Forty eyes from 25 patients with Fuchs Endothelial Dystrophy (high haze) and 12 eyes from 6 normal participants (low haze) were examined by using a Scheimpflug camera (Pentacam, Oculus). The mean image brightness (backscatter) from the anterior 120 µm, mid-stroma, and posterior 60 µm of the cornea, across the central 2 mm were calculated by the native software. The same eyes were then scanned by using a clinical confocal microscope (ConfoScan 4, Nidek Technologies) and mean image brightness at similar anterior, mid-stromal, and posterior depths was calculated. Image brightness from each instrument was standardized to a fixed scatter source and expressed as “Scatter Units” (SU), the concentration of Amco Clear (GFS Chemicals) that gave the same image brightness as the corneal image. Generalized estimating equation models (paired tests and regression) were used to explore differences and correlation between the two instruments and to adjust for possible correlation between fellow eyes of the same subject.

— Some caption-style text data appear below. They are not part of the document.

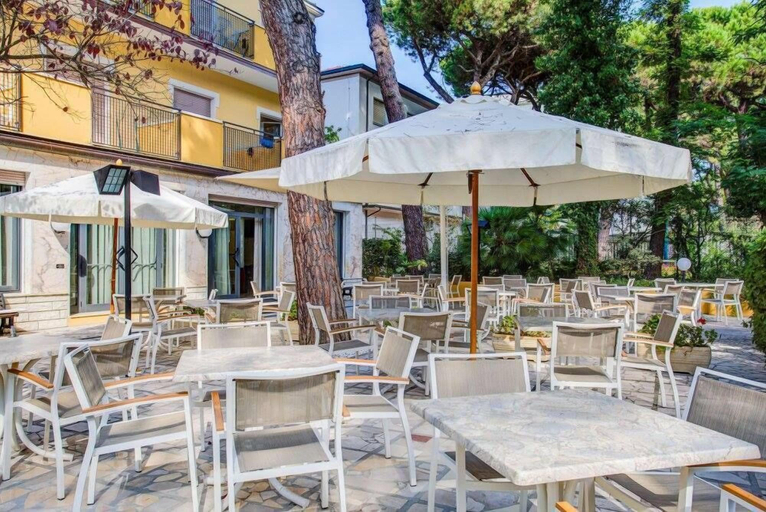 Food & Drinks 5, Hotel Majorca, Ravenna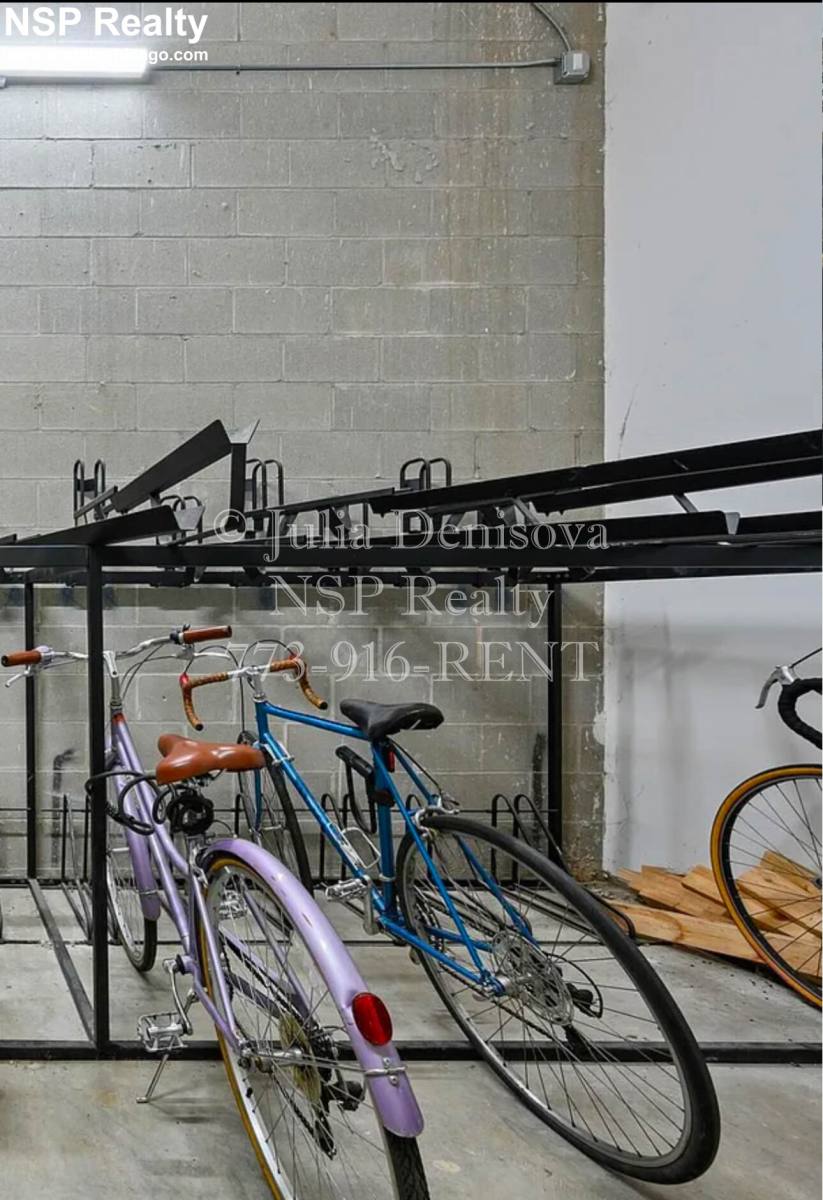 Apartment for rent at 941 Belmont, Chicago, IL 60613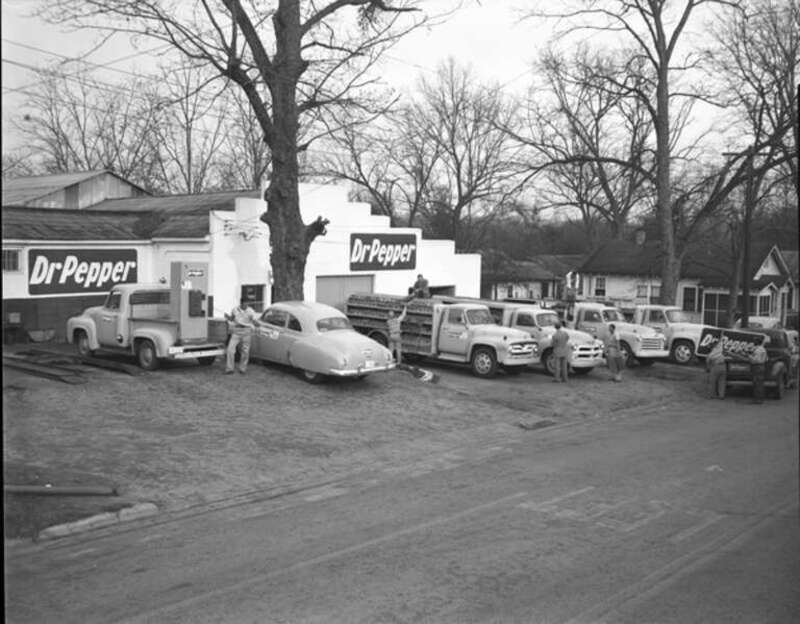 Persistent URL: floridamemory.com/items/show/260827
Local call number: TD00286C
Title: Dr. Pepper bottling plant at 306 North Copeland Street in Tallahassee, Florida
Date: February 27, 1957
Physical descrip: 1 photonegative - b&amp;amp;w - 4 x 5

Backscatter measured by the Scheimpflug camera in the anterior and mid-stroma were correlated with backscatter measured by the confocal microscope (p<0.001), although the mean slope of the regression lines was 0.45 (Figure). Mean backscatter from the anterior and mid-stroma were greater with the Scheimpflug camera than with the confocal microscope (p<0.001). Backscatter from the posterior cornea was lower when measured by the Scheimpflug camera (p<0.001).
The relationship between backscatter measured by these two instruments varies with depth in the cornea. Differences may be from the optical design of each instrument and the ratio of scattered to reflected light. These instruments should not be used interchangeably for measuring corneal haze.